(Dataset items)

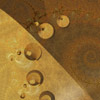 Becoming Mechanical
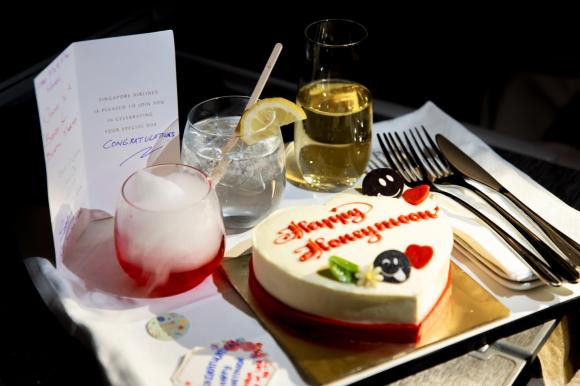 Puka lo dien giua nghi van mang thai voi Gin Tuan Kiet-Hinh-2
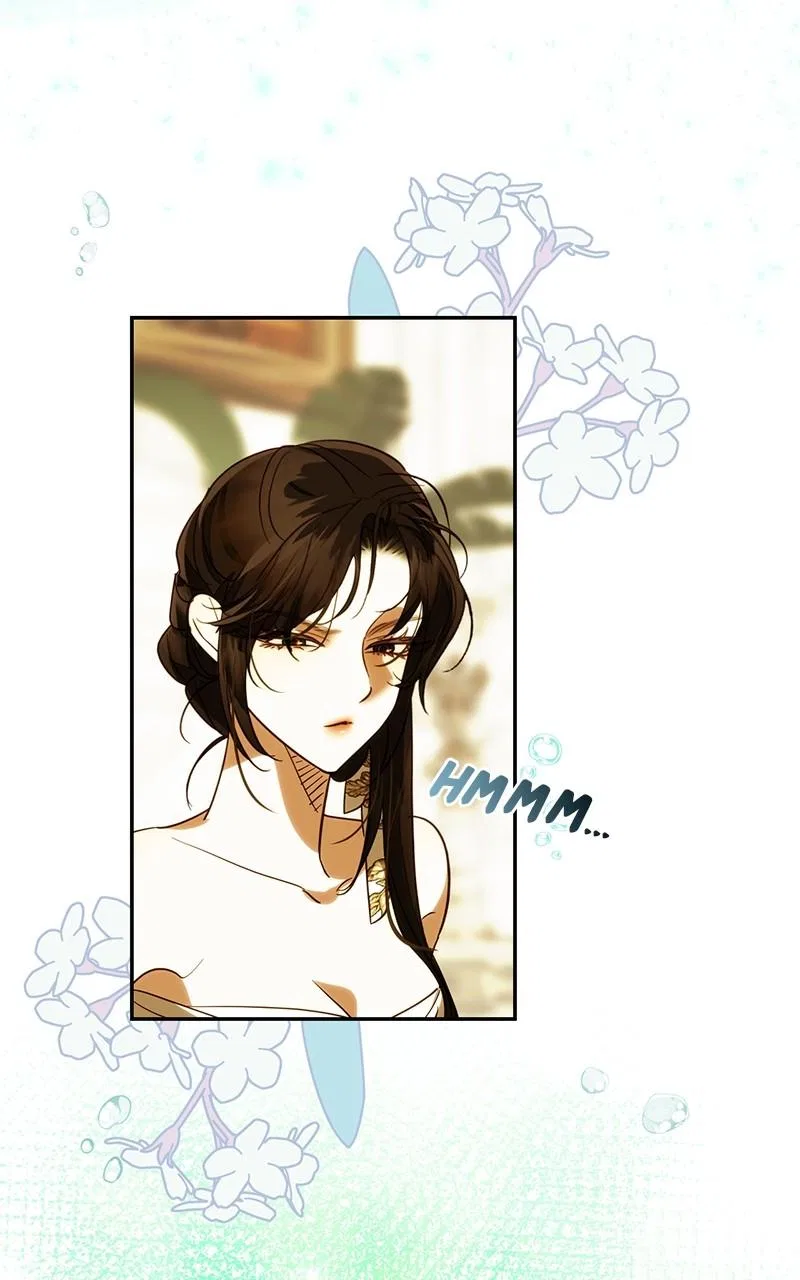 Men of The Harem Chapter 200 – Page 78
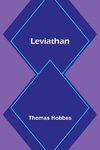 Leviathan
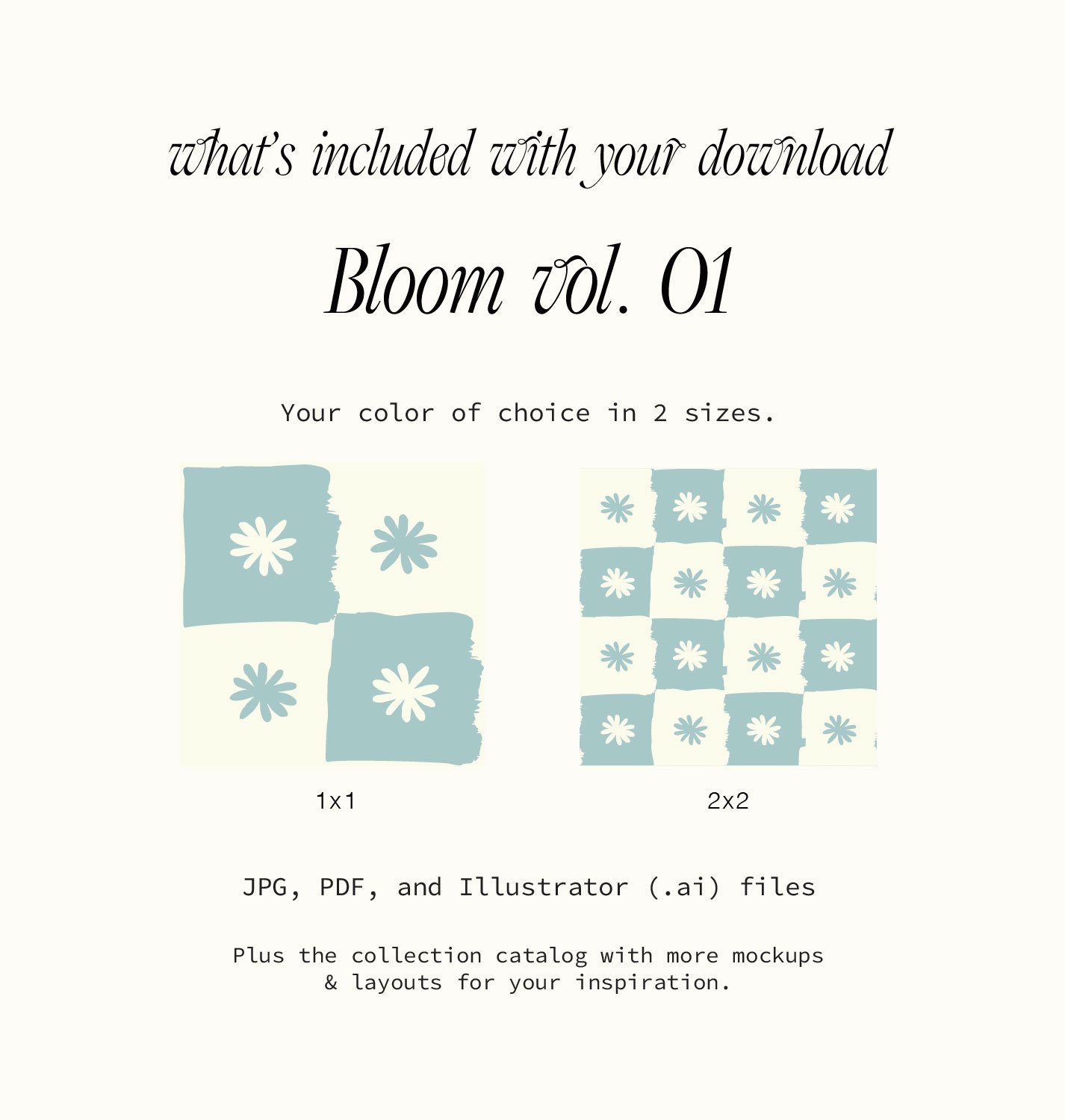 bloom01-sky-size.jpg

TASK BRIEF →
Your answer must be an exact copy of the lines from the line with "Puka lo dien" to the final line of the data, both ends included, and no pictures.

OUTPUT FOR THIS TASK →
 Puka lo dien giua nghi van mang thai voi Gin Tuan Kiet-Hinh-2
 Men of The Harem Chapter 200 – Page 78
 Leviathan
 bloom01-sky-size.jpg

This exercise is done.